Amrit paused. He thought back to the vast library of knowledge in his mind. He had absorbed dozens of texts on geology, herbology, and the distribution of spiritual veins. He cross-referenced this with the three-dimensional map of the Sky-Piercer mountain range that was now permanently etched in his memory. He focused on sources of high-grade fire Prana. Most were in dangerous, inaccessible locations. But then, his system-enhanced mind found a pattern, an obscure reference in a geology text cross-linked with a note in a monster compendium.
"There is a place," Amrit said slowly. "Three miles up the eastern slope of the third peak. There is a colony of Crystal-Vein Salamanders. They are not powerful, but they live in nests made of geothermic crystals. Most of these crystals are mundane."
He paused, his mind's eye seeing the location with perfect clarity. "However, according to the texts, in one out of every hundred nests, the salamanders' latent fire energy will, over centuries, cause a single crystal to undergo a metamorphosis. It becomes a 'Sun-Fused Heartstone.' It is not a beast core, so it contains no life force, no risk of parasites. It is pure, crystallized, perfectly stable fire essence. Far superior to a lion core for nurturing a spirit pet."
Shreya and Zian stared at him, dumbfounded. The level of detail, the confidence, the sheer obscurity of the knowledge was staggering. He spoke of it as if he were reading from a celestial map.
"A Sun-Fused Heartstone?" Shreya breathed, her eyes wide with wonder. "I've only read about them in legends! They're considered priceless!"
"The location is dangerous," Amrit warned. "The cliffs are treacherous, and the area is guarded by territorial Rock-Wing birds."
"I don't care," Shreya said, her face set with a fierce determination. "If there's even a chance, I have to try. Thank you, Student Amrit. You have given me more than hope."
Her gratitude was palpable. She gave him another deep, respectful bow before turning and hurrying off, a new, desperate mission in her eyes. The little fire-lizard on her shoulder, Spike, woke up and gave a happy little chirp before she disappeared.

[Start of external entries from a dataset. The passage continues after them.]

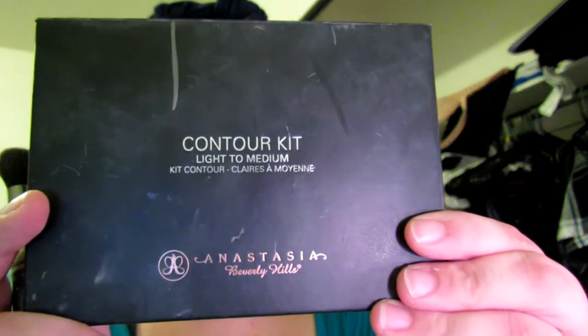Now I'm taking the contour kit by Anastasia Beverly Hills and I'm going to contour my face using the middle brown color on the palette, going in on my cheekbones. I apply it a little dark at the beginning because I like to blend it in — it really helps those cheekbones pop. I also apply it on my jawline to give some definition and hide that double chin, and underneath my chin to give it more of a shadow.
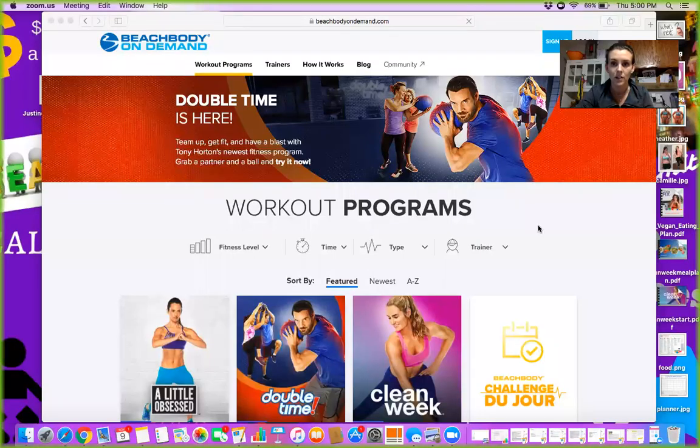Hey everybody, I'm just going to pop in today to show you how to access your week workouts. I'm just going to share my screen.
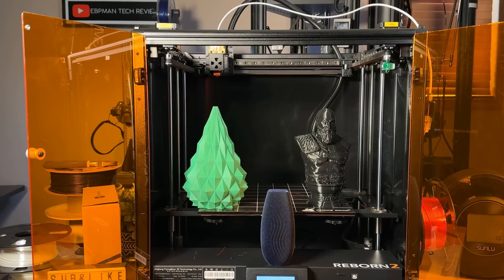Now the Flying Bear Reborn has one of the largest print beds we've had on the channel — 325 by 325 by 350. That's going to be ginormous for printing. You do have max print speeds of 150 millimeters per second, and given the enclosure type, you have some flexibility when it comes to the type of materials you can print.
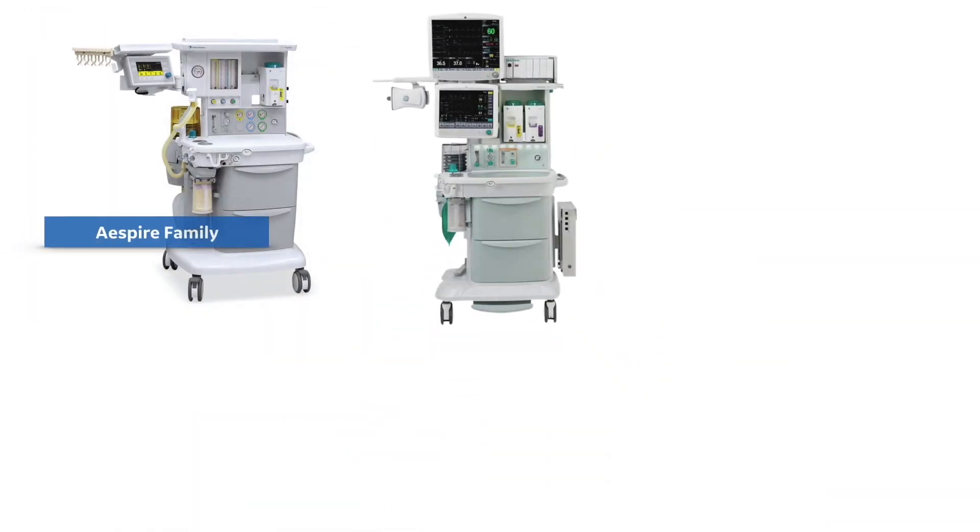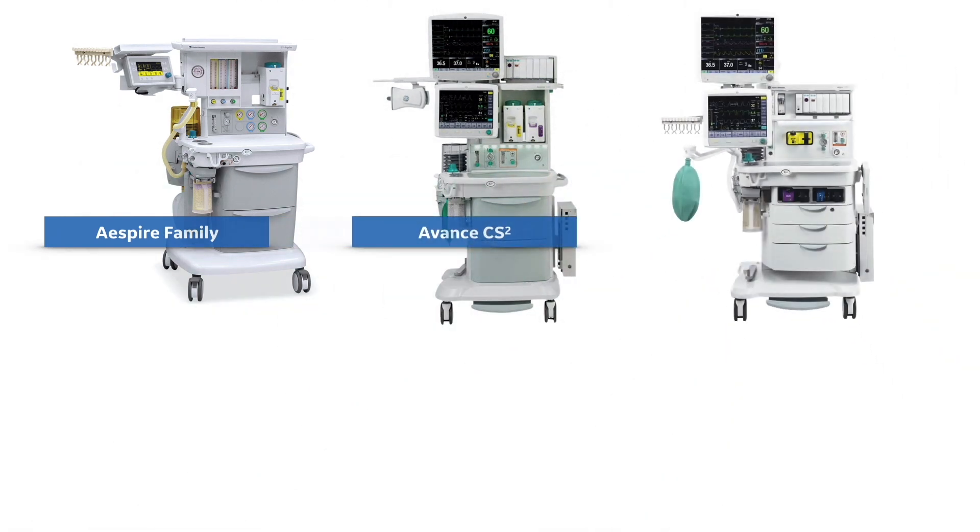The Advanced Breathing System is used in the following anesthesia delivery systems: the Aspire Series, the Avant Series, and the Asus Series.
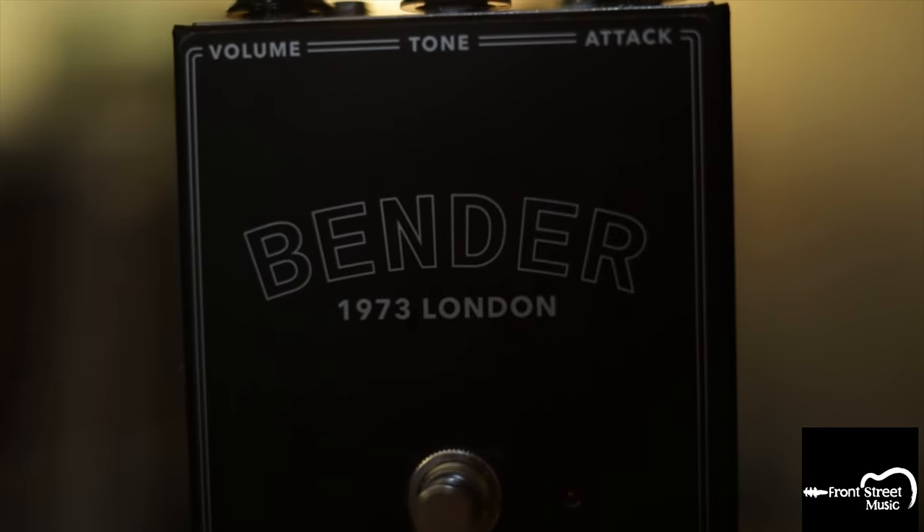It's part of the Legend of Fuzz series by JHS, paying tribute to the fuzz pedals of old. The one we are looking at specifically is based on Josh Scott's personal Tonebender Mark III from 1973.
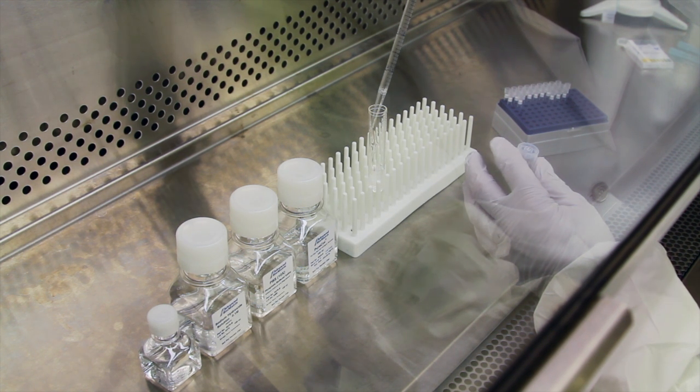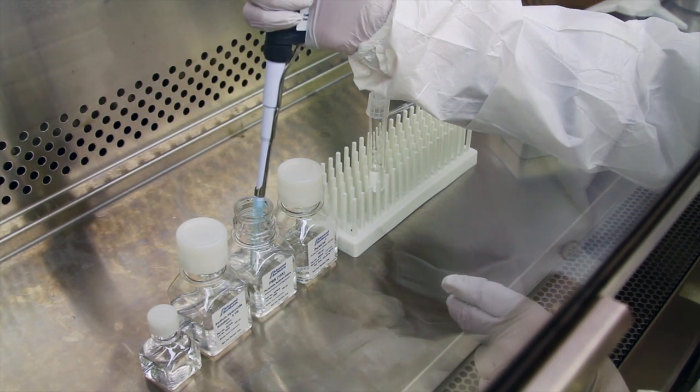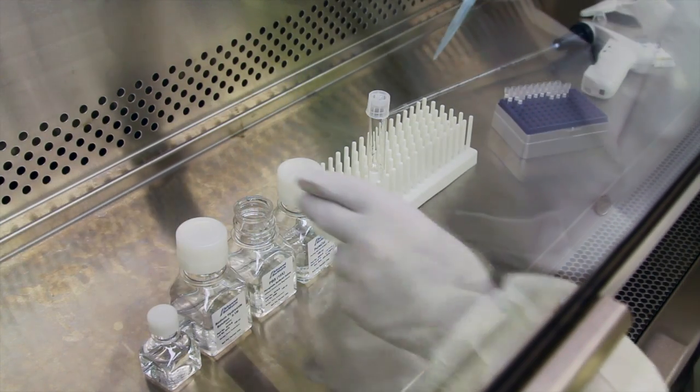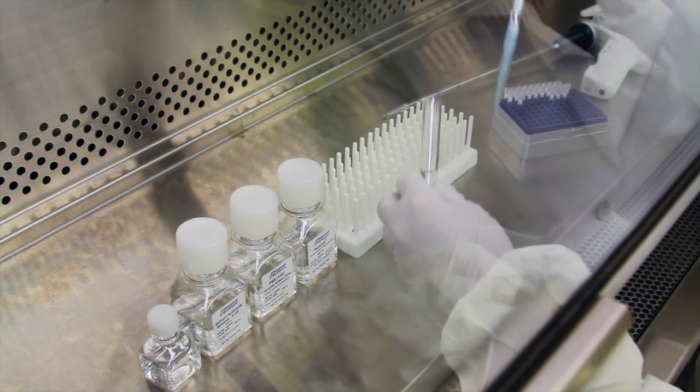Add one part of your chilled sterile 10x media to the 8 parts chilled collagen solution. In this example, pipette 0.5 ml of 10x media directly into the 4 ml of collagen solution.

Zian turned to Amrit, his expression one of complete exasperation. "Do you have an encyclopedia for the entire universe in that head of yours?"
"Knowledge is a tool," Amrit said. "It is meant to be used."
"You didn't just give her knowledge," Zian pointed out. "You may have just earned a powerful ally for life. Shreya may not look like much, but her family, the House of Agni, are renowned beast masters and have deep connections in the southern territories. Saving her spirit pet is a greater favor than saving her own life."
Amrit had not thought of the political ramifications. He had simply seen a problem and offered a solution. But Zian was right. His actions were creating ripples he hadn't intended, forging connections and earning debts of gratitude.
He looked in the direction Shreya had gone. He had given her a path, but it was a dangerous one. He made a mental note to keep a thread of his spiritual sense extended in that direction, just in case. An ally was only useful if they survived long enough to be one.
The incident with the Fury-Flame Lion Core had started as a simple act of revealing a truth. It had now branched out, creating new enemies, new mysteries, and new, unexpected allies. The complex web of relationships at the Academy was growing more tangled by the hour, and Amrit found himself standing right at its center.